The difference was his convincing win in Chicago, getting 22,274 votes to Newman’s 17,233.
But she was the clear-cut winner in suburban Cook County, 24,705 to 23,131, and in Will County, outpolling him 4,212 to 2,975.
She even managed to beat Lipinski in the district’s lone precinct in DuPage County, 80-52.
She enjoyed the campaign, despite the outcome.
“I learned a lot and grew a lot. It was a fantastic experience. I met absolutely wonderful people. That’s the joy. I met with (an estimated) 8,000 people individually,” Newman said.
Asked if the close outcome convinced her to run again in 2020, Newman did not commit.
“Oh, gosh, I am not ready to make any decisions at all. I would say there are lots of options and I have no idea what the future holds right now.”
Newman did not like that, in her opinion, Lipinski “did nothing but smear and make up stories about me.” She called him “a Machine politician who is unscrupulous.”
She was surprised, “that, with the exception of the Lipinski camp, everyone was open-armed and helpful across the board.”
Asked if she got votes from residents who disliked the negative tone seen in campaign literature, she said, “I don’t know. That’s a good question.”
For Lipinski, the victory was helped in large part by his strong political base in the city.
Built by his father, William, a former Chicago alderman and longtime congressman, the base has been maintained by the younger Lipinski since he took his father’s seat in Congress.
“I want to thank the people who knocked on doors, made phone calls, put up signs. I want to thank all of you who helped this campaign,” Lipinski said late March 20 at what turned out to be a victory party.
Lipinski’s chief of staff, Jerry Hurckes, said the large margin in city was the result “of Dan working hard and having a great name (with Chicago voters).”
“So many people love this guy, love his father,” Hurckes added.

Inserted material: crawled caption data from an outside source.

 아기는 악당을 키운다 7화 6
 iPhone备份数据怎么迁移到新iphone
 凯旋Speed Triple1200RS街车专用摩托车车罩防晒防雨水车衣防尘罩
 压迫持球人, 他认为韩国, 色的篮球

Lyons Mayor Christopher Getty, a Lipinski supporter, shrugged and said “no comment” when asked about a race that he called “too close for comfort.” He added that Lipinski has been good for Lyons and other towns.
“it’s a changing electorate. The Millennials need to get out and vote, they need to be more involved,” said Sam Krneta, a Lipinski booster.

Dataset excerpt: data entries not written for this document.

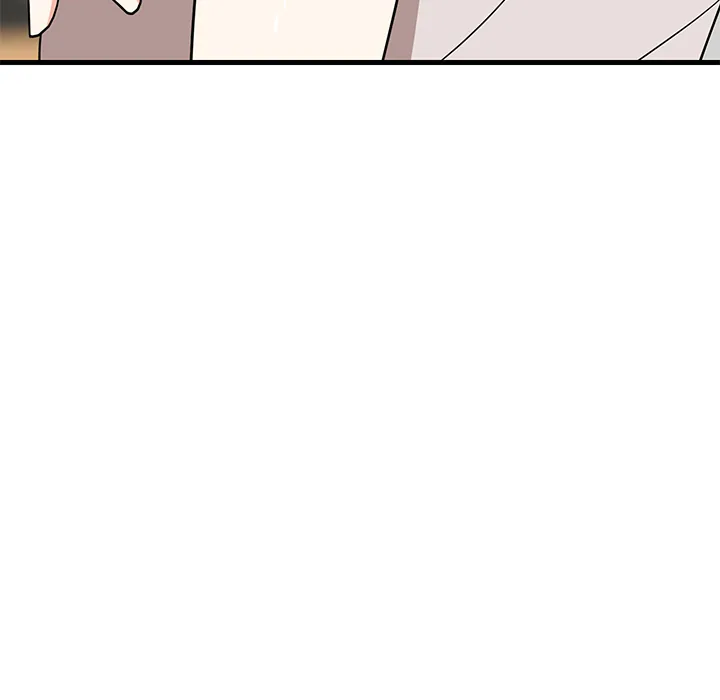 Study Buddies (Uncensored) Chapter 43 page 90 - 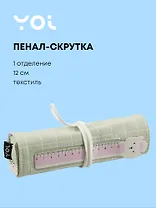 Пенал-скрутка Yoi, "Мятный"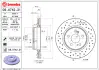 Диск BREMBO 09A74231 (фото 1)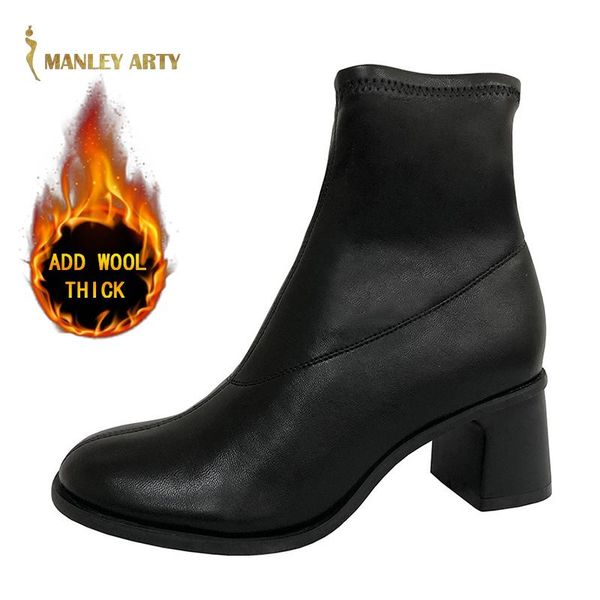 boots winter fashion women leather party casual thick heel all-match elastic suede black round head
boots winter fashion women leather party casual thick heel all-match elastic suede black round head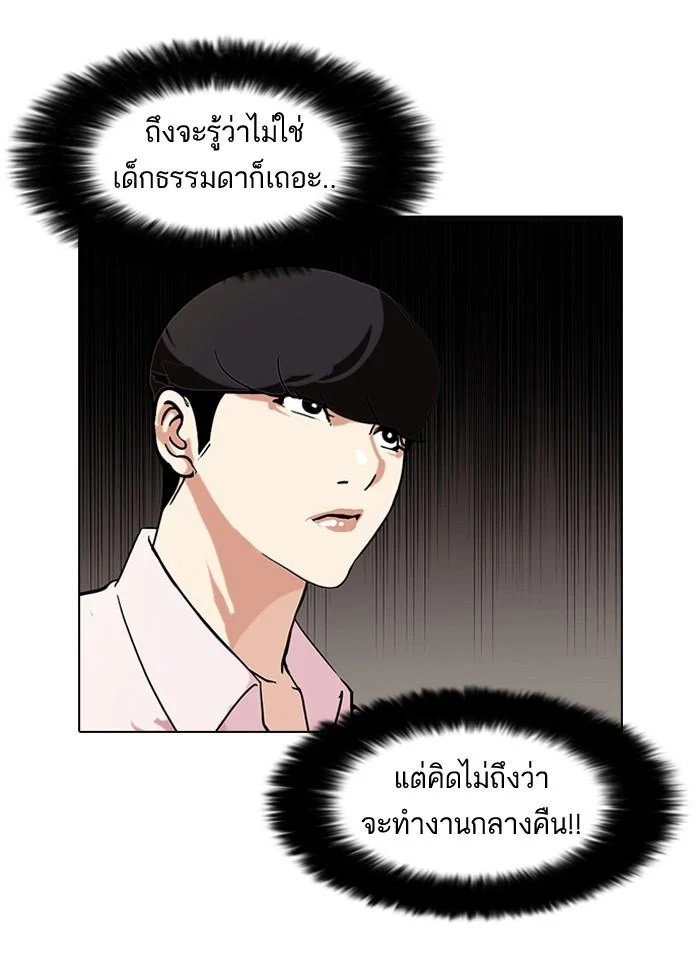 Lookism ตอนที่ 79 page 30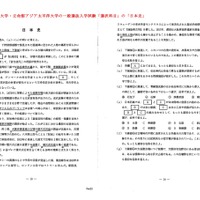 出題ミスがあった個所：立命館大学・立命館アジア太平洋大学の一般選抜入学試験「選択科目」の「日本史」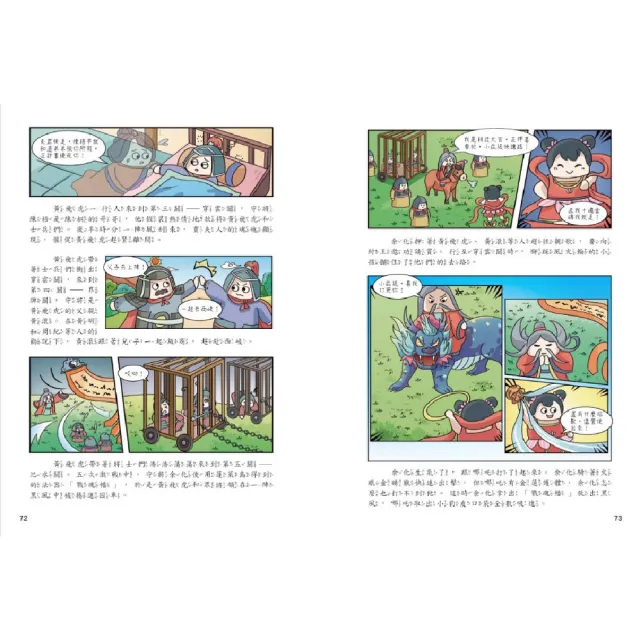 趣讀漫畫學經典系列（1-5）：三十六計、孫子兵法、山海經、封神演義、聊齋誌異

Lipinski thinks the large amount of funding, a reported more than $2.5 million on behalf of Newman, made the race closer. But he also spent around $2 million. Both are large amounts of money when it comes to a primary, sources said.
“I was hoping it wouldn’t be so close,” Lipinski said, “but it’s good to be in this position.”

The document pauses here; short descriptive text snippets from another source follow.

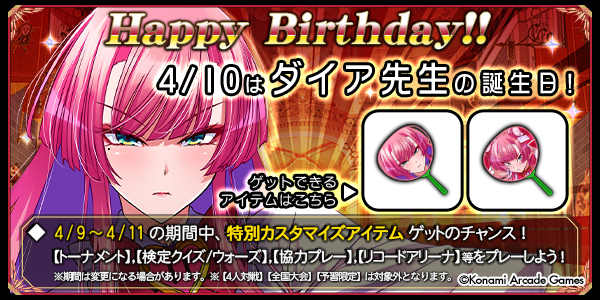 QMA_staff's tweet photo. おめでとうございます！
4/10(金)はダイア先生の誕生日！
4/9～4/11の期間中にQMAをプレーしてお祝いしましょ～！
条件を満たすと特別なアイテムをゲットできますよ！
#QMA #誕生日 #緋のアルカディア https://t.co/wtFCG2KjXm https://t.co/DmBBSdSj9C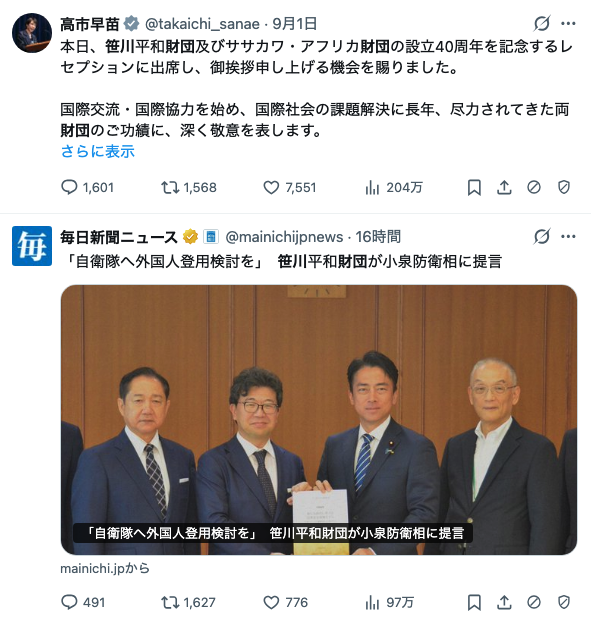 こんな法律が欲しい!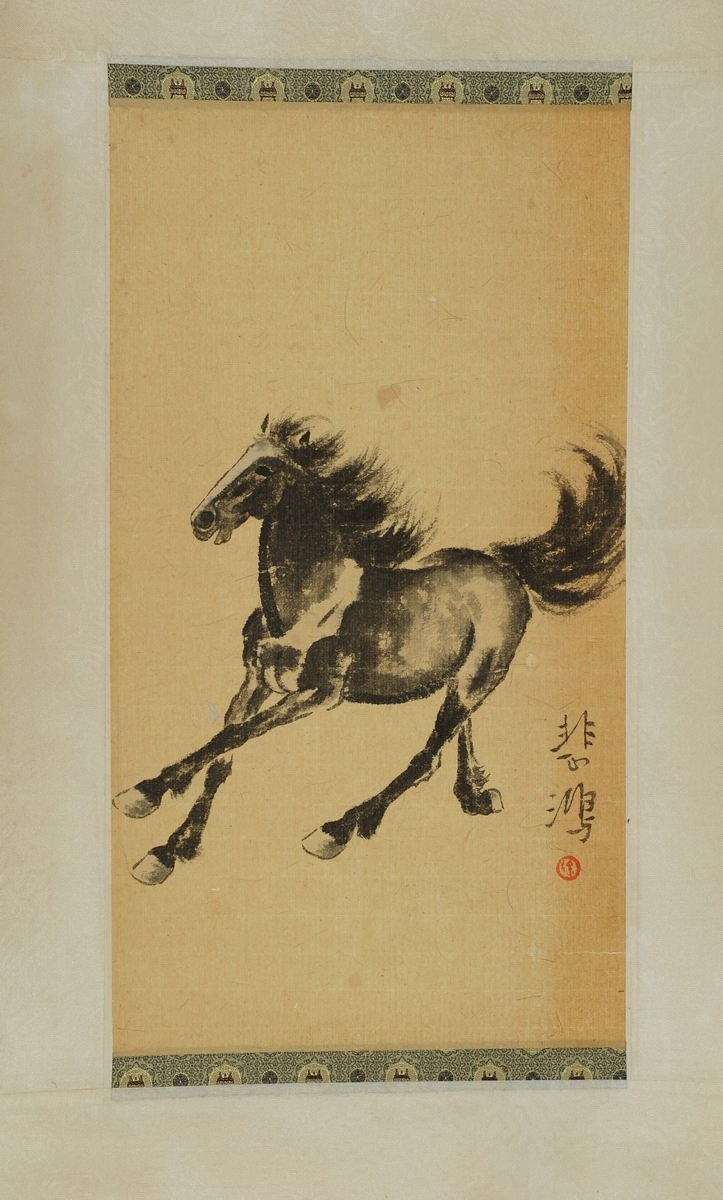 1-1121　徐悲鸿　马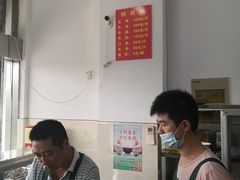 -剑南五香牛肉店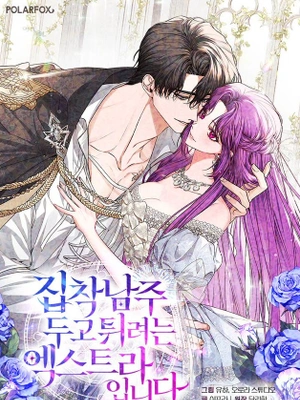 La extra quiere huir del protagonista obsesivo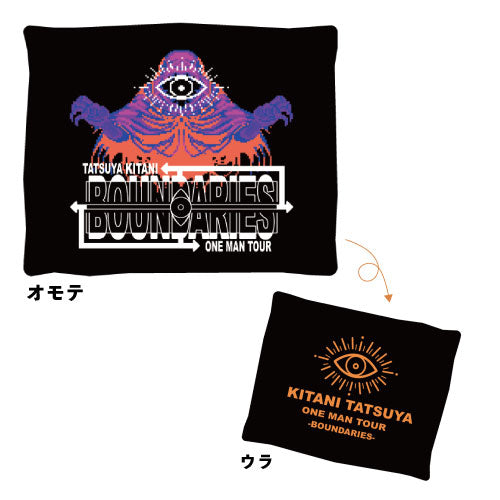 BOUNDARIES – Tatsuya Kitani ONLINE STORE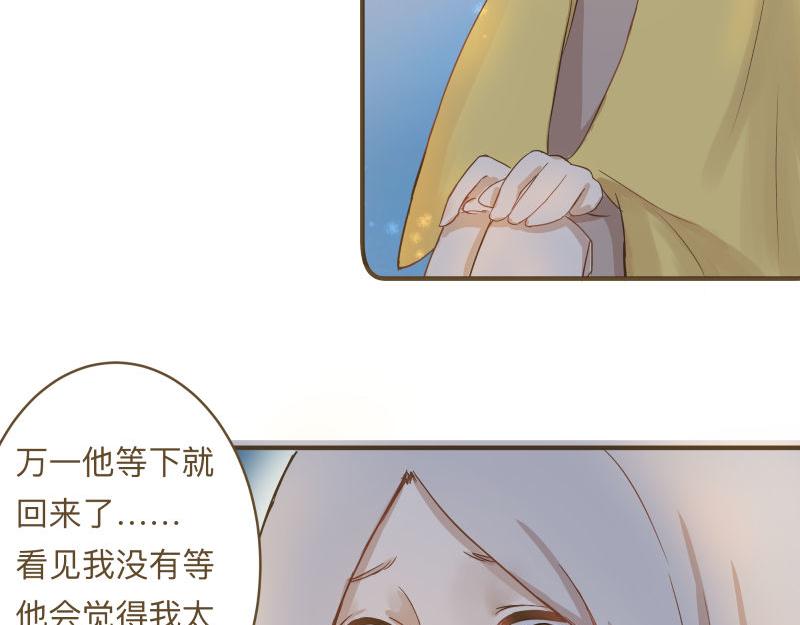 《神明的仔》第9章 消失的光芒 第23页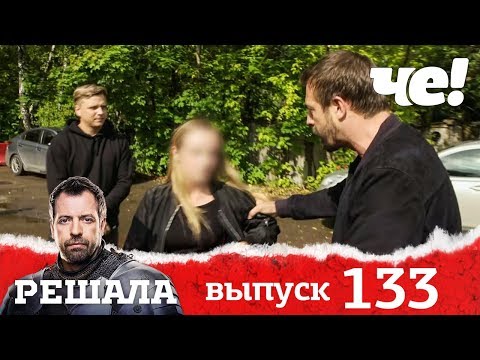 Решала | Выпуск 133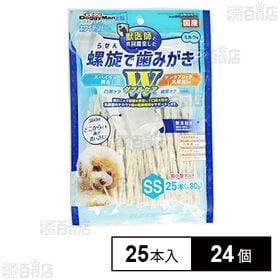 ホワイデント 螺旋で歯みがき Wケア SS 25本入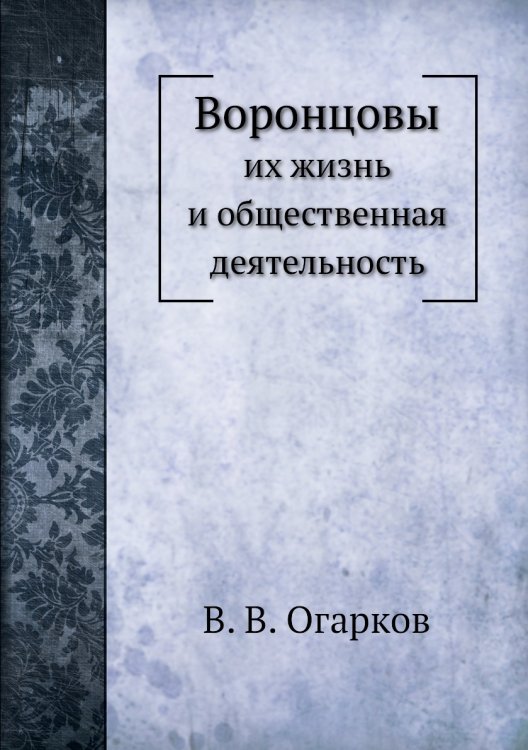 Воронцовы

“More than $2 million poured in here to attack me. It’s not just about fighting President Trump, but we need to bring people together to get things done, “said Lipinski, who thought Newman appealed to “the Tea Party of the Left.”
A campaign insider said “$2.5 million does a good job of keeping it close.”
The source said, “I didn’t see this coming. You talk to seniors, walk the precincts, train stations in the morning, senior centers in the afternoon … everybody loves him. They said, ‘Dan, you’re the best’ and ‘I’ve never voted Democrat. I’m taking a Democratic ballot this time’.”
Painted by Newman as being closer to Trump than the Democrats, Lipinski said he has opposed the president on several issues.
Newman also often hammered Lipinski on his pro-life stance, which may have won her some votes with pro-choice voters.
One source said, “I’ve never seen (political) ads use the word ‘abortion’ so often. Usually it’s code words like ‘Planned Parenthood’ or ‘a woman’s right to choose’.”
The source added that Lipinski “would rather lose an election that have to change his pro-life stance. That says a lot.”
In the end, Lipinski said: “We’ve got to bring people together in this country. We’re all Americans. I’m fighting to restore the American Dream.”